Vitamin B12


Vitamin b12 is a B vitamin that is typically taken in conjunction with other B vitamins. This vitamin is used by the body in order for the nervous system and blood cells to function properly.



The main use for a vitamin b12 supplements is to treat vitamin b12 deficiencies. One of these deficiencies is Imerslund-Grasbeck disease, which is an inherited. This disease can cause the affected person to have a low absorption of vitamin b12. Due to it being inherited, it persists for the rest of their life. In order to manage this disease, vitamin b12 injections may be administered for 10 days straight and then another shot would be given once a month for the remainder of that person’s life.

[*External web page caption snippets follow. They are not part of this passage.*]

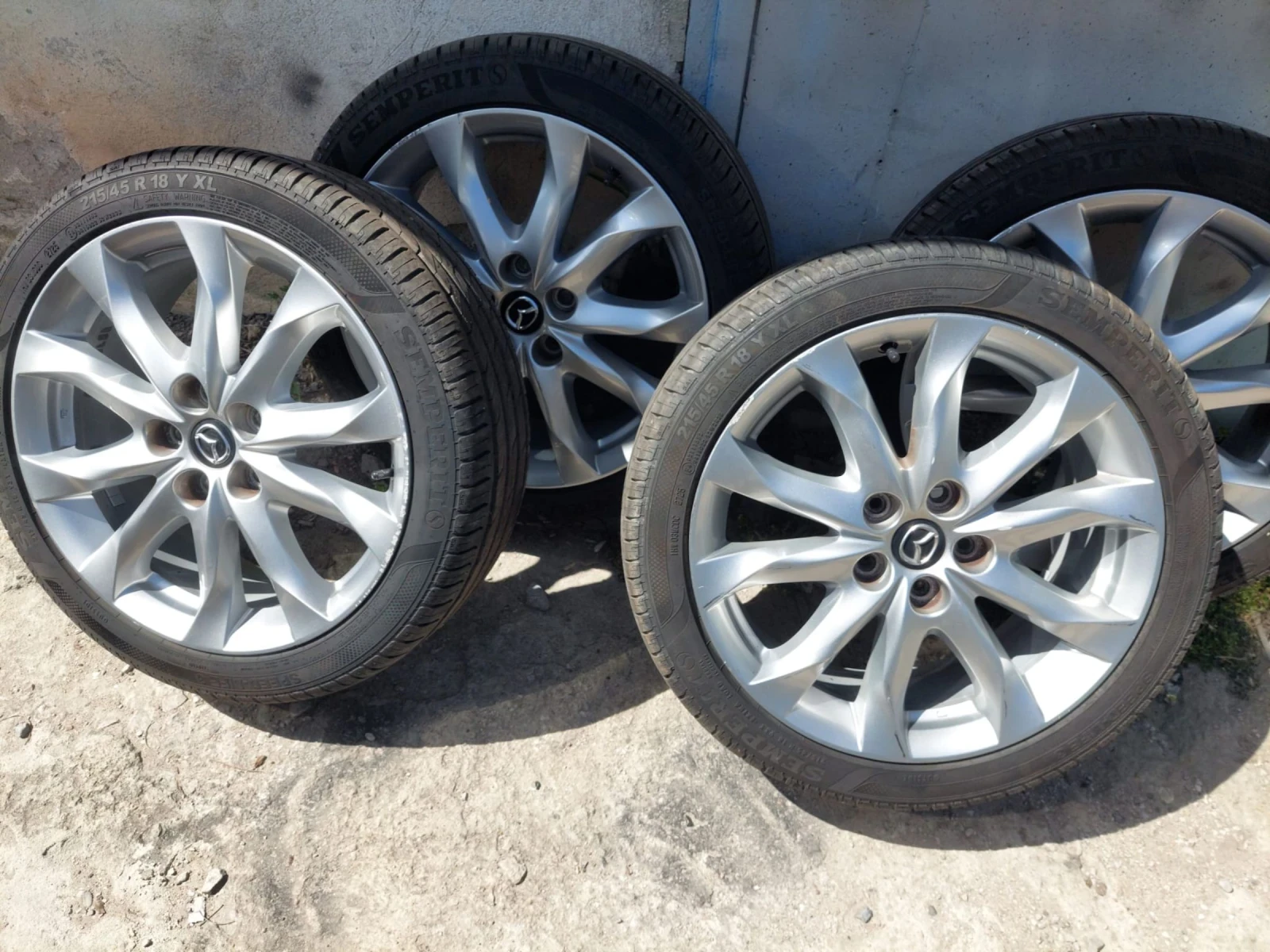 Гуми с джанти Semperit 215/45R18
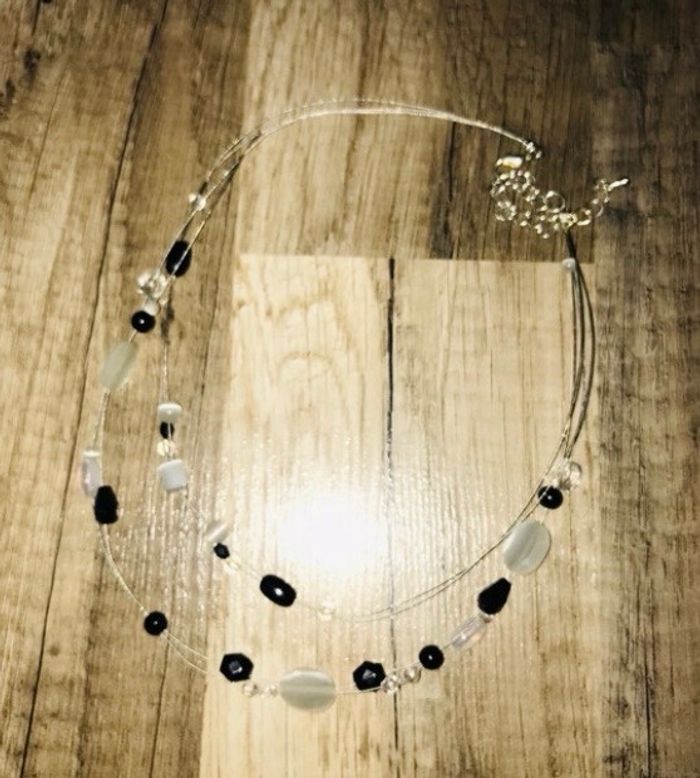 Collier perles noir et transparent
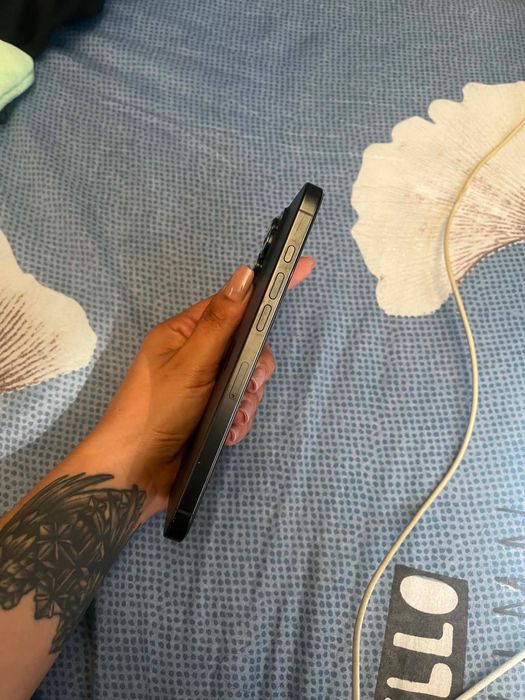 Продавам iPhone 16 Pro Max 256GB – Black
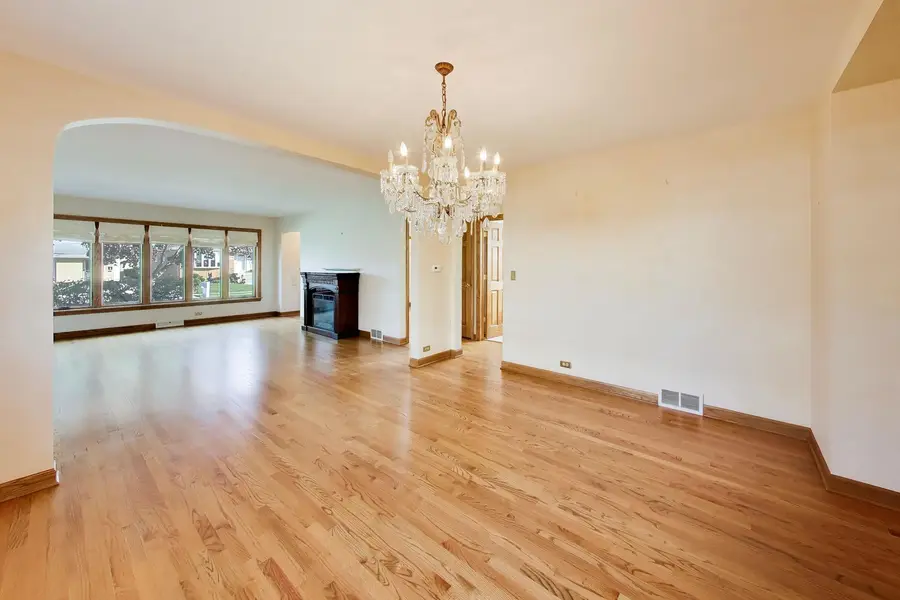 8329 W Sunnyside Avenue, Norridge, IL 60706 - #3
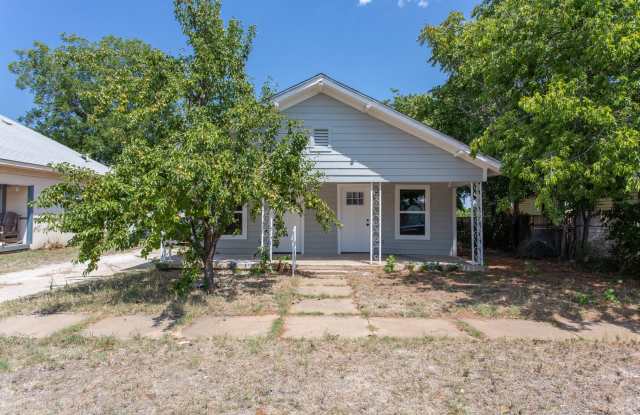Completely Renovated 1 Bed/1Bath Duplex Available! - 2507 Buchanan Street, Wichita Falls, TX 76309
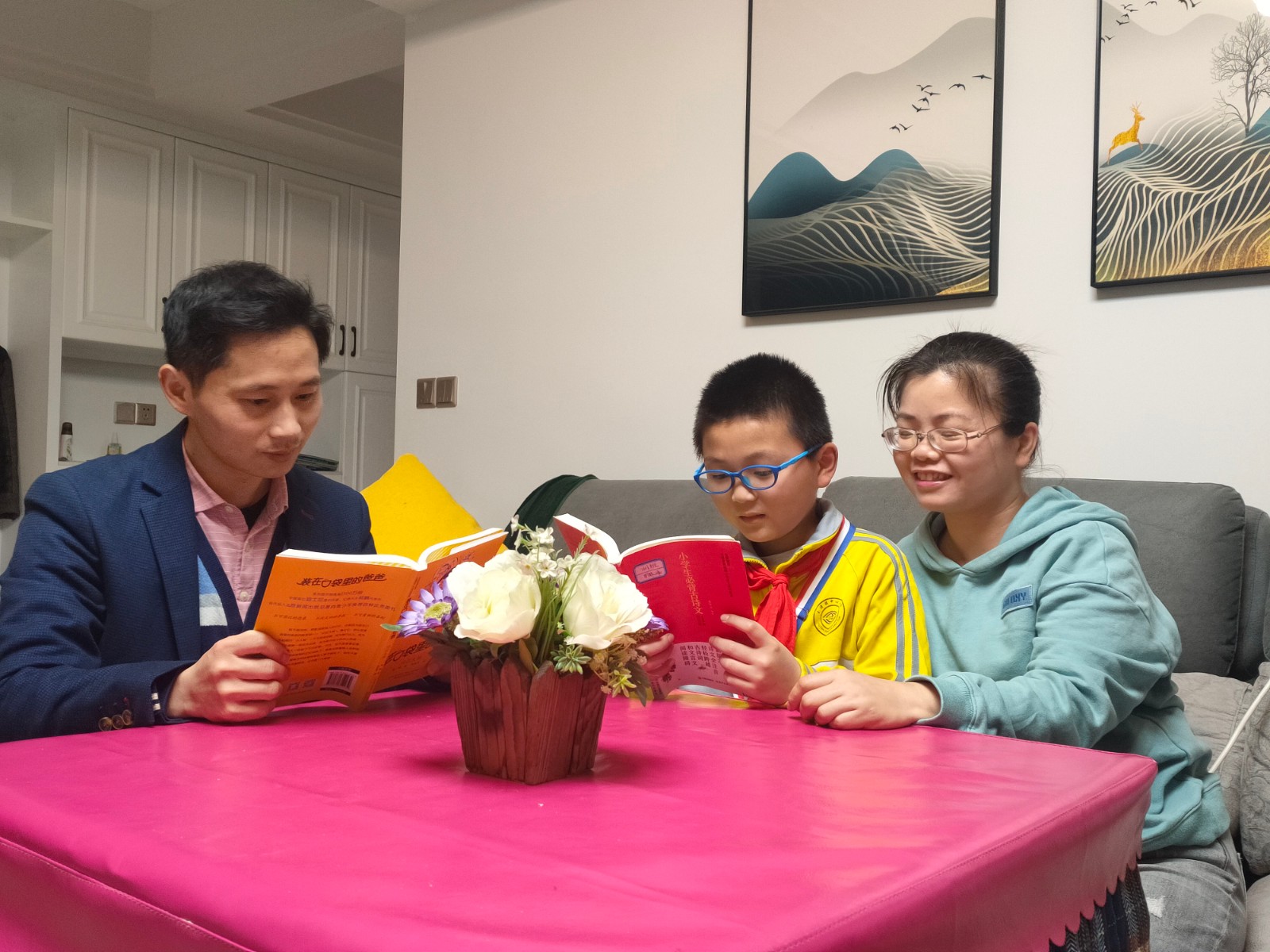 7.胡旺洪 家庭合照1(朗诵).jpg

Another disease, known as pernicious anemia, is a serious form of anemia that is most commonly found in elderly people. In this condition, there is a low red blood cell count. This low RBC count is caused by a poor absorption of vitamin b12. To treat this condition, either a shot can be administered or a supplement can be taken by nose or mouth.

There are other medical conditions that may be effectively treated by taking vitamin b12 supplements. These conditions include hyperhomocysteinemia and cyanide poisoning. For cyanide poisoning a shot of vitamin b12, in its natural form of hydroxocobalamin, in a high dose of 10g can be administered. For hyperhomocysteinemia can be treated with oral vitamin b12 supplements with folic acid and b6.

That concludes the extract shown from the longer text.